By Pascal Dennis
My old sensei, years ago, musing over a glass of bourbon.
"If team member involvement is high, Pascal-san, accidents, defects, lead time and cost are low. But if involvement is low..."
So it proved at our old Toyota plant. In fact, I proved it to myself through scatter plots and ANOVA.
(I long ago confessed to being a propeller-head)
Engaged employees is the Holy Grail in most endeavours.
The exception is, perhaps, monopolies or oligopolies, who for a time can run roughshod over their employees and customers.
But even "all-powerful" monopolies like the Soviet Union -- or the National Football League -- have their day of reckoning.

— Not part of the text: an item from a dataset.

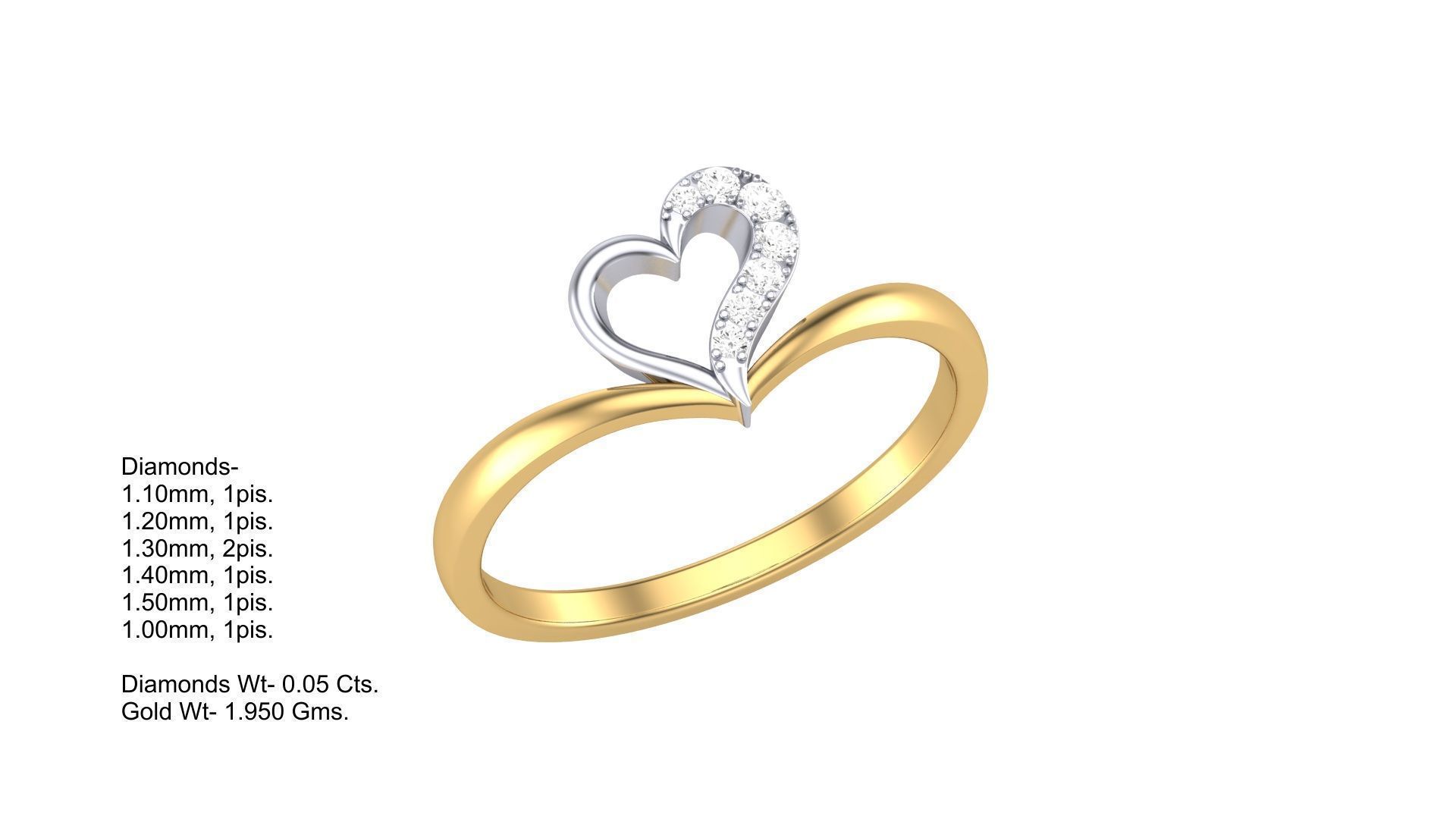 Love Heart Minimalist Light wt Diamond Women ring 3dm stl obj 3D print model_1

(A generation ago Major League Baseball was as dominant as the NFL is today.)
In any event, if we accept my sensei's premise, Job One of the leader is engaging team members.
Or, as my sensei put it, "How will you motivate team members, Pascal-san?"
I've been mulling that one over for decades.
Purists may cavil: "Leaders cannot motivate, only de-motivate."
I grant their point but it makes little difference to the practicing leader.
Formulate the question as you will.
The leader's job is to bring to life the following ideal:
Everybody feels that this is "my process, machine, team, production line, site, product, customer."
Everybody is fully alive and connected to everybody else.
To paraphrase W.B. Yeats, the best are full of passionate resolve.